A lavish retirement is something that every person dreams of…and millennials are no different. Yet, while baby boomers and generations of the past steadfastly believed in making lucrative investments to enjoy superior life quality after retirement, millennials have exhibited a strong, deep-rooted distrust of the stock market. 

This distrust partially stems from the failure of the education system to teach the value of financial management and the long-term efficacy of the stock market. While some millennials focus on real estate investments or prefer buying over renting, many also rely heavily on credit cards and unconsciously accumulate debt with every small or big purchase. 

Inflation is rising at a heightened pace, and the life quality that we afforded for a few hundred dollars back in the 70s and 80s now costs us thousands of dollars. The costs of living are increasing dramatically, so if you’re a millennial and you believe that a million dollars would be sufficient for you to enjoy a comfortable retirement, prepare to be disillusioned. 

A survey by Bankrate found that Millennials are more inclined to invest in the real estate market, cryptocurrencies, and even forex trading, but they are less likely to invest in the stock market.

Is it because of the volatile nature of stocks and the influence of political and economic upheavals? Or is it because of the deep-rooted fear of economic downturns and recessions? 

In the context of this article, we will attempt to understand if millennials are afraid of exploring investment opportunities in the stock market and why. 

Shell-shocked from the 2008 financial crisis 

Millions of millennials witnessed the financial crisis of 2008 just as they were transitioning from post-secondary schools towards high school education. They have vivid memories of how investment portfolios collapsed, and adults around them suffered as millions disappeared from their portfolios.

As millennials were cementing their understanding of investments and finances, the adults around them were busy discussing the ramifications of a crumbling housing market and a crippled stock market. These discussions—even if they were just had in an adjacent room—have sowed distrust in the stock market for many millennials.

Lack of financial education 

The fear of the stock market’s volatility can be compared with aerophobia, the fear of flying. Flying is considered the safest way to travel across the world by many; however, many are afraid and seek treatments and counseling to overcome this fear.

Similarly, the fear of market volatility can be overcome by seeking education and training in the dynamics of the stock exchange. 
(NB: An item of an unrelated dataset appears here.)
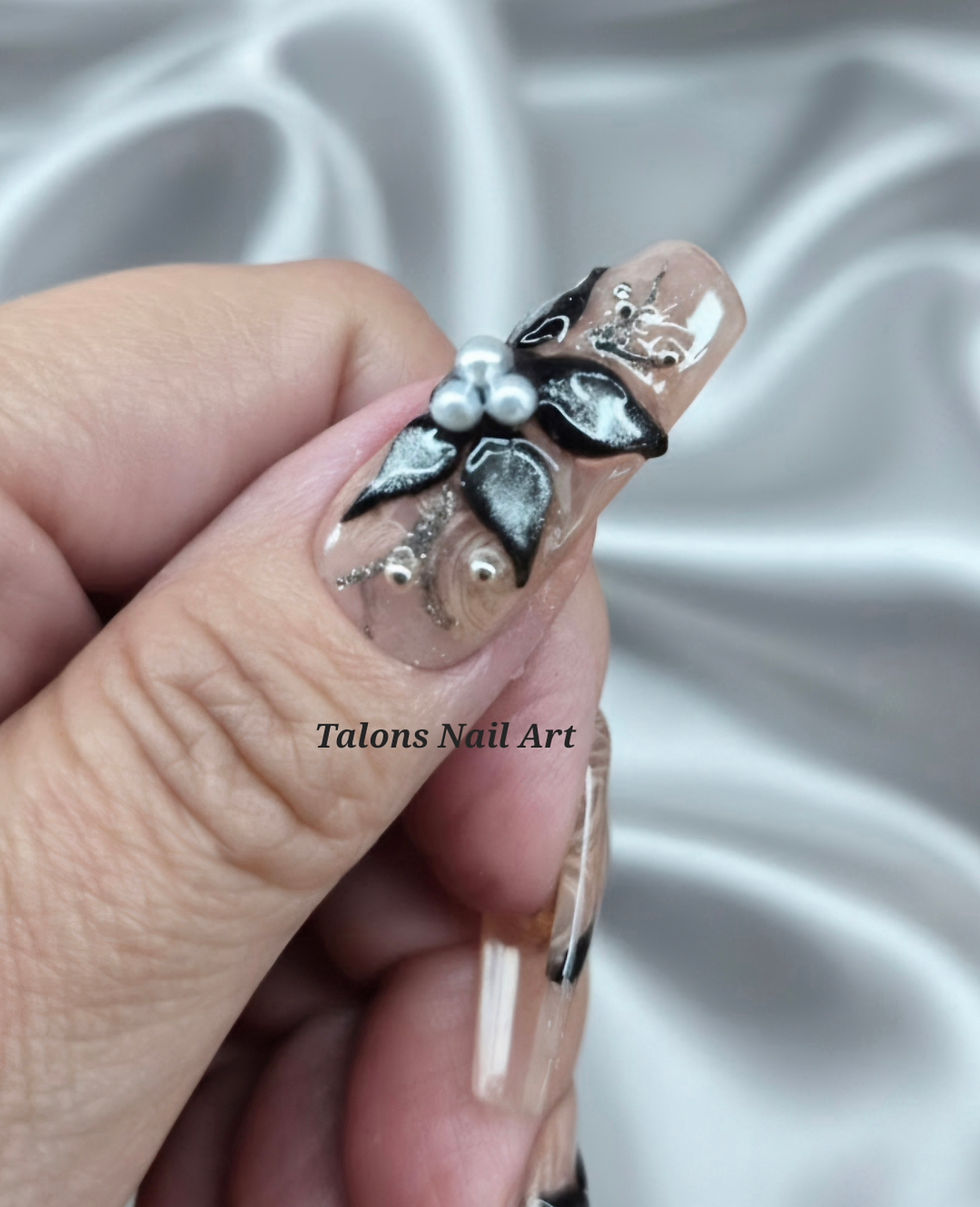 Thumbnail: thumb with a press on nail with silver and black flowers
Education systems have failed to instill the concepts of financial management in millennials. Millions of millennials prefer holding onto cash instead of investing it in the stock market, which will prove devastating once they enter their retirement years…and eventually have to return to the job market to supplement their income. 
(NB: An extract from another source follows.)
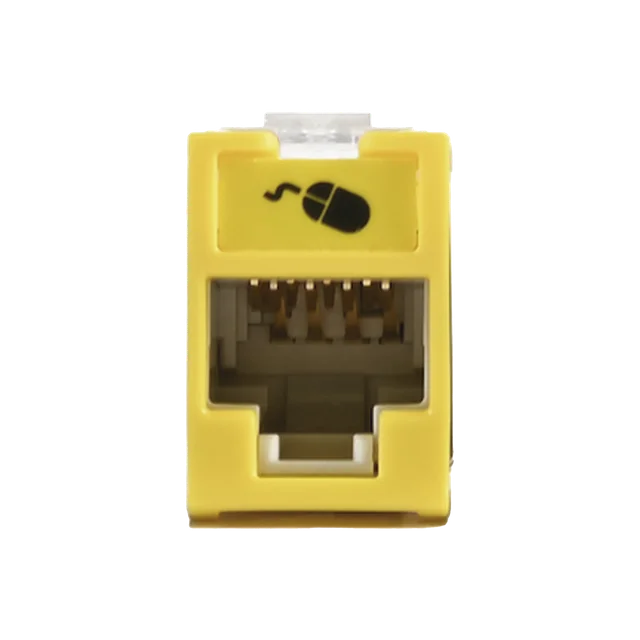U6H05NS-h Jack UltraMAX Cat6, UTP, Montaje híbrido en Placa de Pared (Plano y Angulado), Color Amarillo, Punch Down - Image 1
According to Investopedia, over the last 92 years, the leading 500 stocks in the United States have exhibited historical returns of 10% per market capitalization rates. On average, the returns amount to 7% as we account for inflation and heightened costs of living. This is a sizable rate of return that cannot be ignored. 

As a generation, Millennials are more inclined towards saving cash than investing it and receiving lucrative returns. This mistrust and fear of investing stems from a lack of education. Holding onto cash is equivalent to financial suicide in this day and age, where the value of money is continuously diminishing. 
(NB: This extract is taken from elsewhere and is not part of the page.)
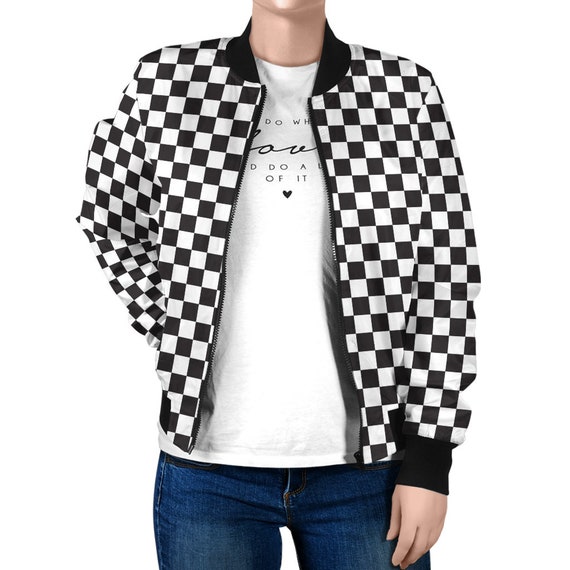 white and black checkered jacket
There is a great need for educational curriculums to focus on financial planning and management. Millennials must take the initiative of gaining insight into the lucrative investment opportunities opened up by the stock market. 

Reduced wages; heightened expenses 

As millennials began entering the workforce after completing their education, the cost of living continued to rise, and inflation increased at a dramatic pace. Most millennials joined the workforce with a burdensome amount of student loans and debt, which had to be paid off before they could make substantial savings.

The exorbitant upsurge in inflation and cost of living caused salaries and wages to become flat, and many millennials had to resort to taking up part-time jobs and freelance positions to supplement their monthly and yearly earnings. Those who were steadfastly saving towards accumulating money for a substantial down payment instead looked towards rental accommodations. 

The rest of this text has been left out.